START EXTRACTED INFORMATION

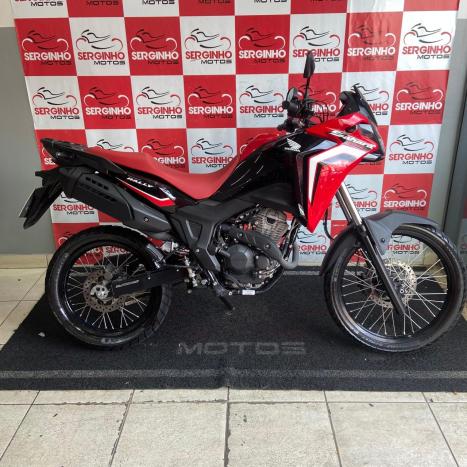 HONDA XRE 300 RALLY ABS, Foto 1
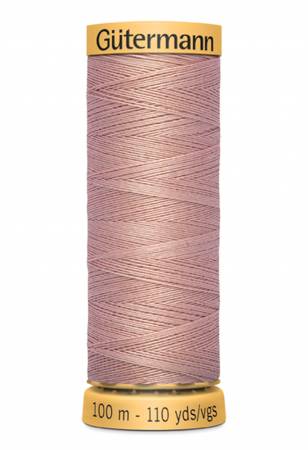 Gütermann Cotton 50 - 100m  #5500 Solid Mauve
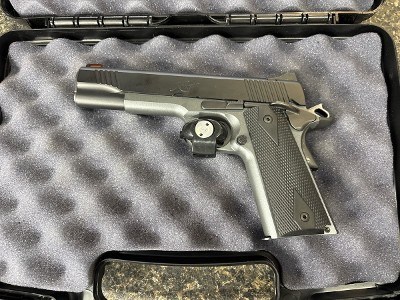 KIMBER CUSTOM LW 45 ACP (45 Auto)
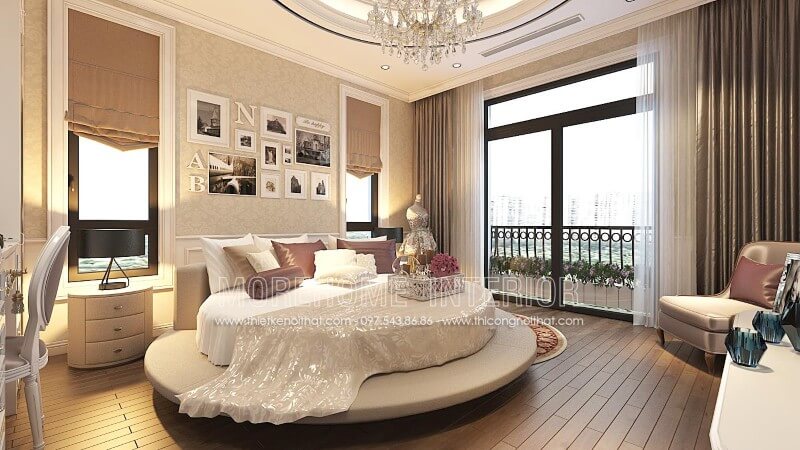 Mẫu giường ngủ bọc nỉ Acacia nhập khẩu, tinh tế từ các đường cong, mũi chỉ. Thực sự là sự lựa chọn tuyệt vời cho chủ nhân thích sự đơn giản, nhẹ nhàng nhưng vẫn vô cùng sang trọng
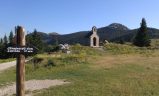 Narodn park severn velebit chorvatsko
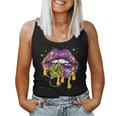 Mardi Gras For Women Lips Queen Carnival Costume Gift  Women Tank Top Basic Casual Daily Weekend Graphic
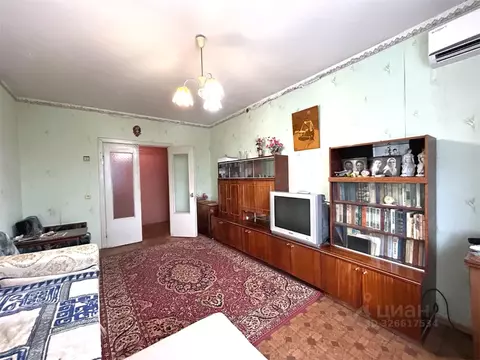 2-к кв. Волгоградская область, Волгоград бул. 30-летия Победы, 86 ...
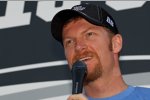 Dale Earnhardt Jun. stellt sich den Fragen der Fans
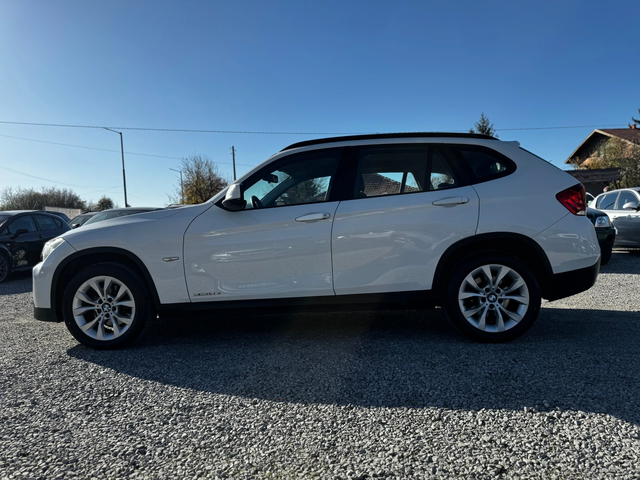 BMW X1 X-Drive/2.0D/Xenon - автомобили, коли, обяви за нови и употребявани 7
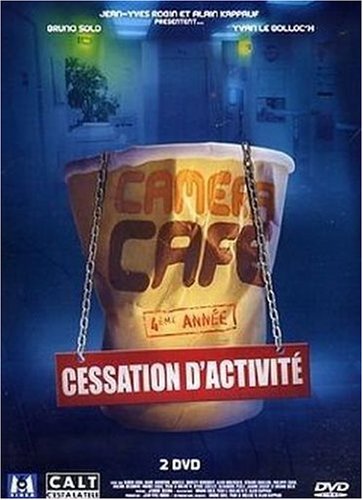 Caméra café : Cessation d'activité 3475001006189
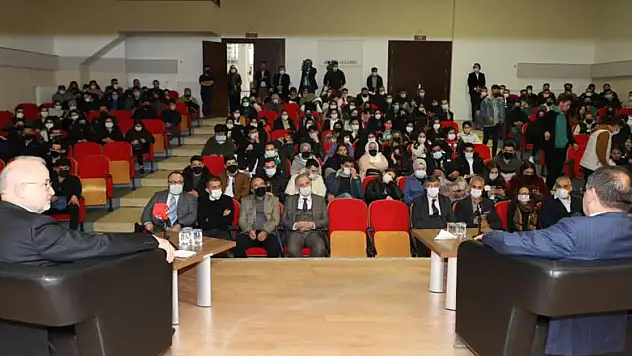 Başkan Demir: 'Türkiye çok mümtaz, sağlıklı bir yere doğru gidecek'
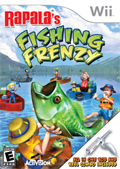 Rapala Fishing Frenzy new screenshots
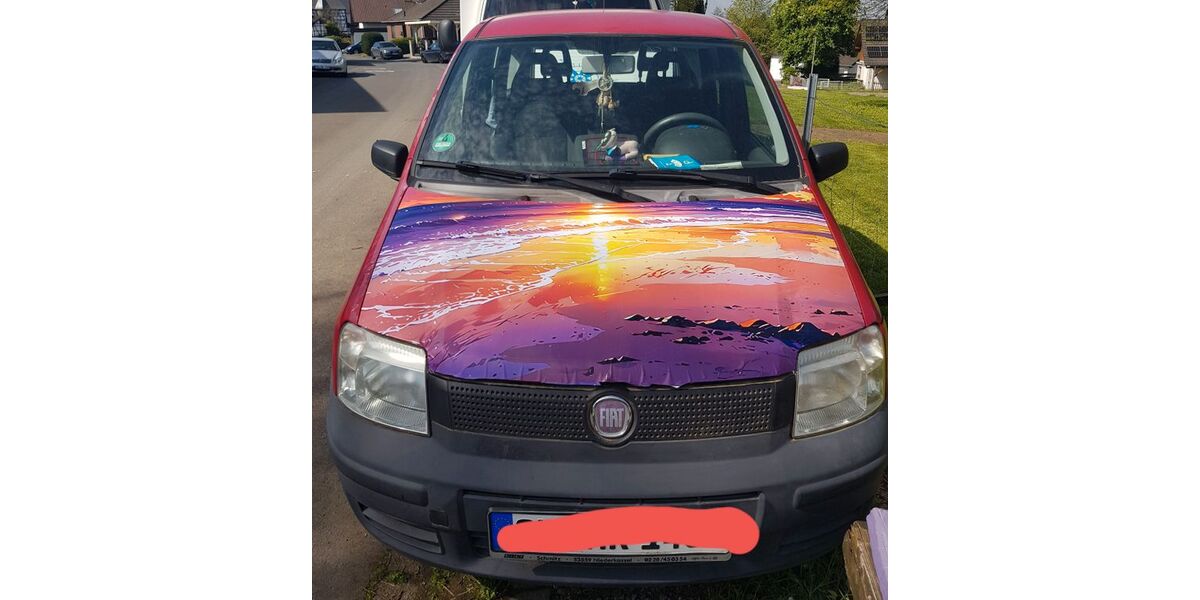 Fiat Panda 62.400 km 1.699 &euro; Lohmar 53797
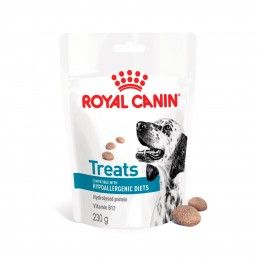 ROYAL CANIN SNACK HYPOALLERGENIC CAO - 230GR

END EXTRACTED INFORMATION

**TASK DIRECTIONS**: Keep to the stretch from the line containing "Mardi Gras For" through the line containing "Caméra café : Cessation", both ends included, and copy it exactly from the listing above, minus the pictures.

**FINAL ANSWER**:
 Mardi Gras For Women Lips Queen Carnival Costume Gift  Women Tank Top Basic Casual Daily Weekend Graphic
 2-к кв. Волгоградская область, Волгоград бул. 30-летия Победы, 86 ...
 Dale Earnhardt Jun. stellt sich den Fragen der Fans
 BMW X1 X-Drive/2.0D/Xenon - автомобили, коли, обяви за нови и употребявани 7
 Caméra café : Cessation d'activité 3475001006189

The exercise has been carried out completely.